Come get meeee. I'm stranded in the middle of no where with Paul (?). I think u puked on his friend.
So I went into my gym pretty wasted and asked the trainer guy if i could order a cock meat sandwich. Needless to say, I'm canceling my membership tomorrow.
We woke up next to each other with a mutual look of disgust, and then he left. I knew I should have gone for the younger brother.
I thought this kinda shit only happens to ugly people
I have vomit stuck in my nose, you should come with a warning label.
I need to stop treating my body like that of a Vegas hooker on vacation in Ibiza
I hooked up with a guy dressed as Justin Timberlake, while dressed as Britney Spears. Fuck Jessica Biel, all my 90's dreams are coming true.

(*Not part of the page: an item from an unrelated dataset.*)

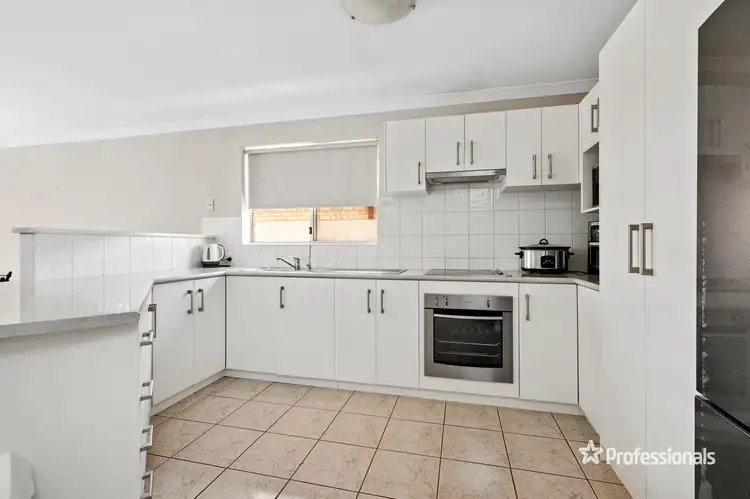 Fourth view of Homely house listing, 8A Tindals Crescent, Hannans WA 6430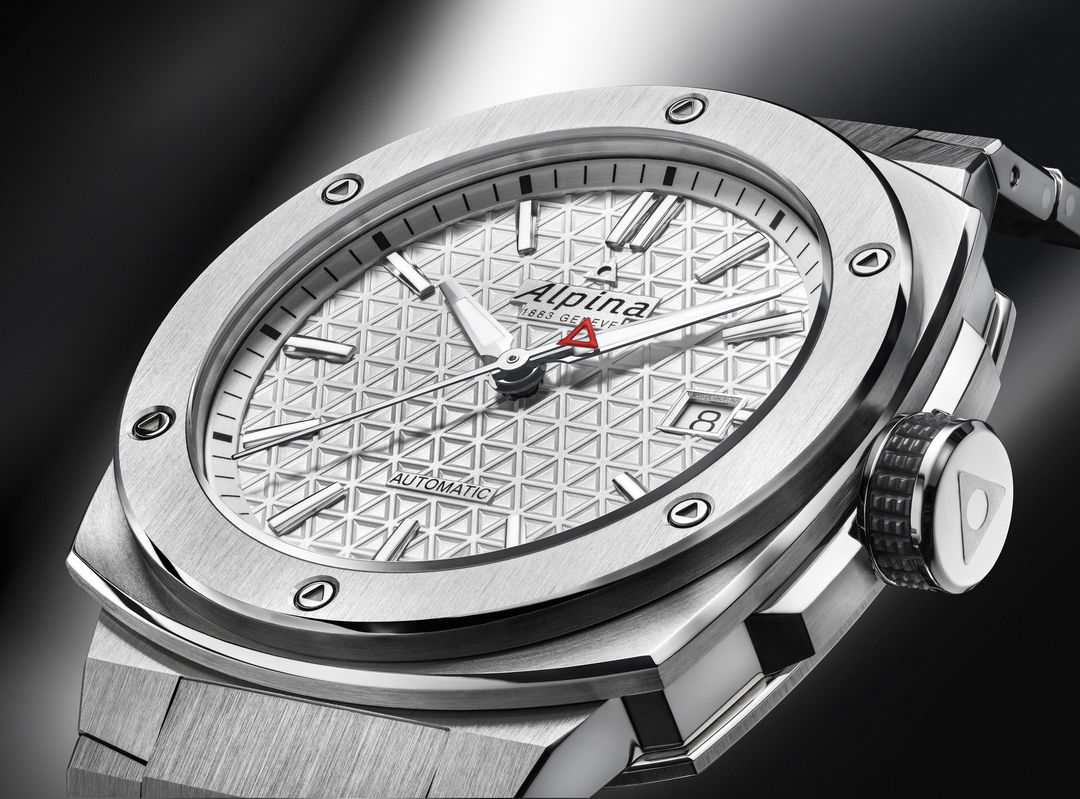 Alpina Alpiner Extreme Automatic 39 – AL-525S3AE1B – $2,795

At some point during thanksgiving the image of me pooping on ur moms chest will come to you. Your welcome!
Hey... Tell me if you remember differently, but nobody truly saw me naked, right?
You were taking in your sleep. You were like Jess that's that animal we were talking about and you Hugged her feet
I'm gonna try and get through this weekend sober, which is gonna be tough especially since I've already started drinking.
So I've decided that blue balls for lesbians is rainbow balls and the struggle is real
My saturday night consisted of sewing my Halloween costume and watching Blues Clues
You actually...sewed your costume?
Wanna get drunk and play candy land? If so you are 2 steps behind.
He asked if I could not say his name during sex cause he liked the girl in the apartment above me.